Ich halte ebenso Tucholskaja für gar nichts - Identitäten interessieren mich wenig -, sondern habe nur ihre Art des Argumentierens beschrieben. Frau Tucholskaja kann sich gerne für rechts, links, grün, rot, braun oder gepunktet halten, mich interessiert, was sie sagt und wie sie es sagt. Zur "Stichhaltigkeit" ihrer "Argumente" wurden ja bereits Kommentare gemacht, zu denen Sie oder sie sich gerne verhalten können.
Was Frau Bilge angeht, die ich wie gesagt persönlich nicht kenne - Sie vermutlich auch nicht -, bedeutet eine Diskussion über ihre Motivationen, sich weit aus dem Fenster zu lehnen. Selbstverständlich nehme ich an, dass sie ihre politischen Entscheidungen eigenverantwortlich trifft. Es wäre allerdings naiv anzunehmen, dass nicht komplexere politische Entscheidungen und Netzwerke mitverantwortlich dafür sind, eine prominente öffentliche Position einnehmen zu können in einer Veranstaltung, die - wie erwähnt - Teil einer größeren Kampagne ist. Weder spannt sich eine*r ganz selbst vor einen Karren, noch wird da nur gespannt. Und irgendwer hat ja auch immer den Karren erst gebaut. Nichtsdestotrotz: Da wäre sicher eine bessere Formulierung von Herrn Rittberger möglich gewesen, das sehe ich auch so.

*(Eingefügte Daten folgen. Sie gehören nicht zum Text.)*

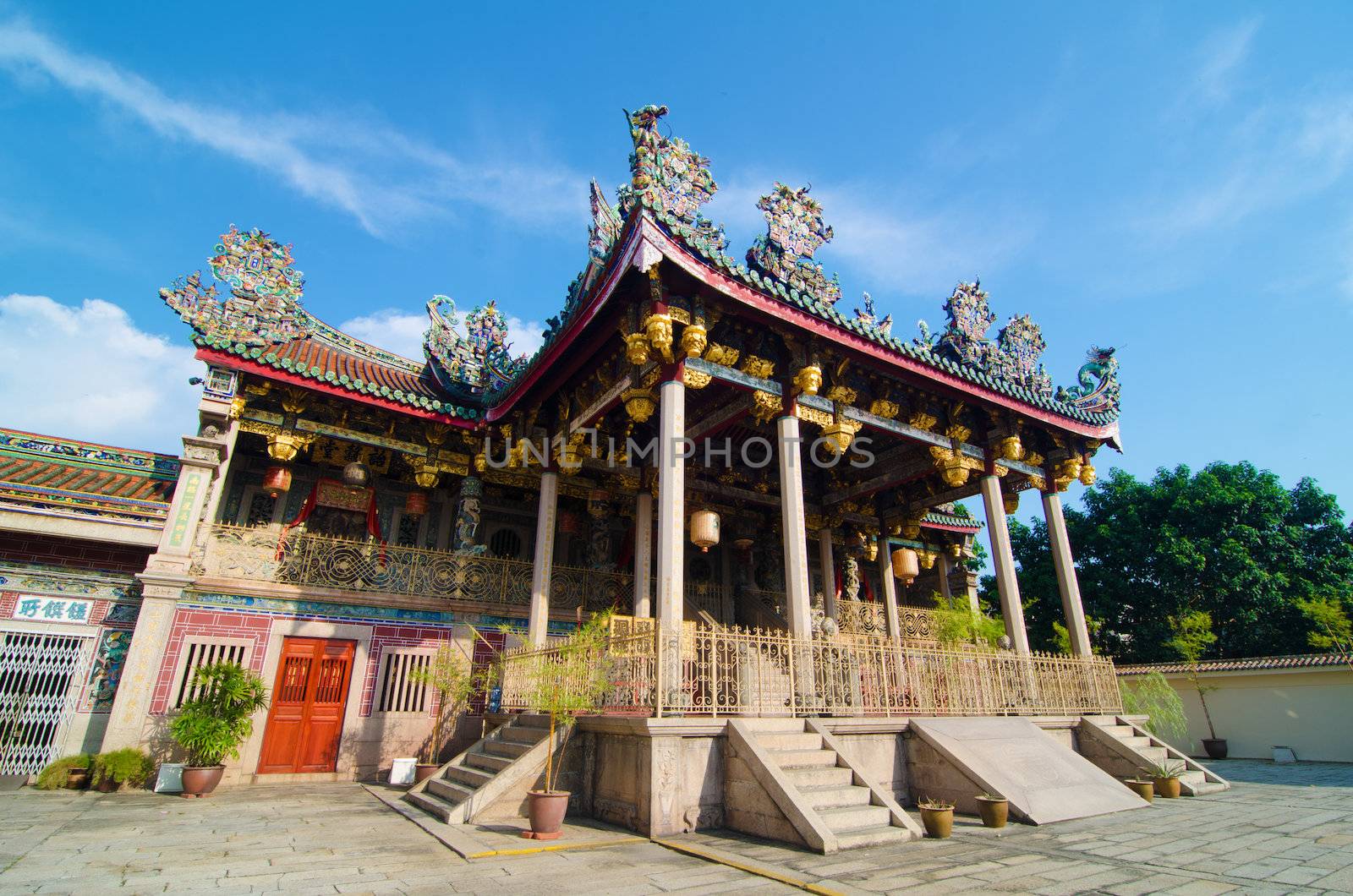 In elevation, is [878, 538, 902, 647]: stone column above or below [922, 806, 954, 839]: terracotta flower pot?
above

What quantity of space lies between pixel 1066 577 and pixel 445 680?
1144 centimetres

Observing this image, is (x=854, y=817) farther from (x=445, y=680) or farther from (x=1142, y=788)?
(x=445, y=680)

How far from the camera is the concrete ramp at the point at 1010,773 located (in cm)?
747

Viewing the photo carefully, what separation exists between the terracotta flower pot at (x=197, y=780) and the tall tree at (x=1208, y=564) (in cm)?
2601

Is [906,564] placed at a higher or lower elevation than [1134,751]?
higher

An den politischen Zusammenhängen und der Instrumentalisierung von Gewalt gegen Frauen für völkische und rassistische Propaganda ändert dies allerdings nichts, und dazu habe ich auch von ihnen keinerlei Gegenargument gelesen, sondern nur rhetorische Fragen. Selbstverständlich haben "rechte Frauen" das Recht auf eine Demonstration, das hat hier niemand in Frage gestellt. Es wurden lediglich die politischen Zielsetzungen und Inhalte kritisiert. Mit dem von Ihnen erwähnten "simplen Schweigemarsch" meinen Sie vermutlich die Veranstaltung im Januar, die vom Reichsbürger und Verschwörungstheoretiker Marco Kurz in Zusammenarbeit mit der lokalen Identitären Bewegung organisiert worden war, bei dem rechte Hooligans, NPD-Leute und Aktivisten vom III: Weg mitmarschierten und der mit "Wir sind das Volk"-Rufen und dem Absingen des Deutschlandliedes endete? Es gab wohl eine Gruppe mit bunten Regenschirmen an der Gedenkstelle für die Ermordete, die den Platz nicht für diesen "Marsch" räumen wollte und daraufhin angegangen wurde. Von Schweigen war da nicht viel zu merken. Vielleicht gibt dieses Video einen Eindruck davon: www.youtube.com/watch?v=7tfiQ_I2-qw
Viel Vergnügen noch in ihrer "wilden Schwermut".